*** AVAILABLE DATA ***

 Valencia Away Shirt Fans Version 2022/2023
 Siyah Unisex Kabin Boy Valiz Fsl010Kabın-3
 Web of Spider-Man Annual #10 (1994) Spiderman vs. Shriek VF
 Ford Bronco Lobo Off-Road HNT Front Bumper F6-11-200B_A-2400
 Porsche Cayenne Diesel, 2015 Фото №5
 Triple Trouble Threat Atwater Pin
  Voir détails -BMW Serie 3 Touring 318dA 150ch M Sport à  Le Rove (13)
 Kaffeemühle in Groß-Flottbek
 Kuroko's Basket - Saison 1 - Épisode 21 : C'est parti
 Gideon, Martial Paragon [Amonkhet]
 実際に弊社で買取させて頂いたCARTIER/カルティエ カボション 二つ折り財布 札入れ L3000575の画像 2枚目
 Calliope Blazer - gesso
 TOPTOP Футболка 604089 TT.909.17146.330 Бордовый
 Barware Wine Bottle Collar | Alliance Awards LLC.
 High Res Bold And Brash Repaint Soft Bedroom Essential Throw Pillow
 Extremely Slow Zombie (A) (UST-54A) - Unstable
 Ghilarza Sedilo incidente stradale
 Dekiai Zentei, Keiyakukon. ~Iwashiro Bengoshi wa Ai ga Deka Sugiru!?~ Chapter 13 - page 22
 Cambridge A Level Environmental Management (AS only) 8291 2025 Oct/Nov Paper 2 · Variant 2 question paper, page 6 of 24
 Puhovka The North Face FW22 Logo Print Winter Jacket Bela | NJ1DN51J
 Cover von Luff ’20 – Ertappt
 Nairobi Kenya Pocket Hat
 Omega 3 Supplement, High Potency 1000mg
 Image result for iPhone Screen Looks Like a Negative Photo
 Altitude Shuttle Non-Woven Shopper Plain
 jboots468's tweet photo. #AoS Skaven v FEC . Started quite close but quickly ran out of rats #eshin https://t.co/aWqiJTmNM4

*** End of AVAILABLE DATA ***

WORK REQUEST »
Reproduce the entries exactly, each one as given.

YOUR SOLUTION »
 Valencia Away Shirt Fans Version 2022/2023
 Siyah Unisex Kabin Boy Valiz Fsl010Kabın-3
 Web of Spider-Man Annual #10 (1994) Spiderman vs. Shriek VF
 Ford Bronco Lobo Off-Road HNT Front Bumper F6-11-200B_A-2400
 Porsche Cayenne Diesel, 2015 Фото №5
 Triple Trouble Threat Atwater Pin
  Voir détails -BMW Serie 3 Touring 318dA 150ch M Sport à  Le Rove (13)
 Kaffeemühle in Groß-Flottbek
 Kuroko's Basket - Saison 1 - Épisode 21 : C'est parti
 Gideon, Martial Paragon [Amonkhet]
 実際に弊社で買取させて頂いたCARTIER/カルティエ カボション 二つ折り財布 札入れ L3000575の画像 2枚目
 Calliope Blazer - gesso
 TOPTOP Футболка 604089 TT.909.17146.330 Бордовый
 Barware Wine Bottle Collar | Alliance Awards LLC.
 High Res Bold And Brash Repaint Soft Bedroom Essential Throw Pillow
 Extremely Slow Zombie (A) (UST-54A) - Unstable
 Ghilarza Sedilo incidente stradale
 Dekiai Zentei, Keiyakukon. ~Iwashiro Bengoshi wa Ai ga Deka Sugiru!?~ Chapter 13 - page 22
 Cambridge A Level Environmental Management (AS only) 8291 2025 Oct/Nov Paper 2 · Variant 2 question paper, page 6 of 24
 Puhovka The North Face FW22 Logo Print Winter Jacket Bela | NJ1DN51J
 Cover von Luff ’20 – Ertappt
 Nairobi Kenya Pocket Hat
 Omega 3 Supplement, High Potency 1000mg
 Image result for iPhone Screen Looks Like a Negative Photo
 Altitude Shuttle Non-Woven Shopper Plain
 jboots468's tweet photo. #AoS Skaven v FEC . Started quite close but quickly ran out of rats #eshin https://t.co/aWqiJTmNM4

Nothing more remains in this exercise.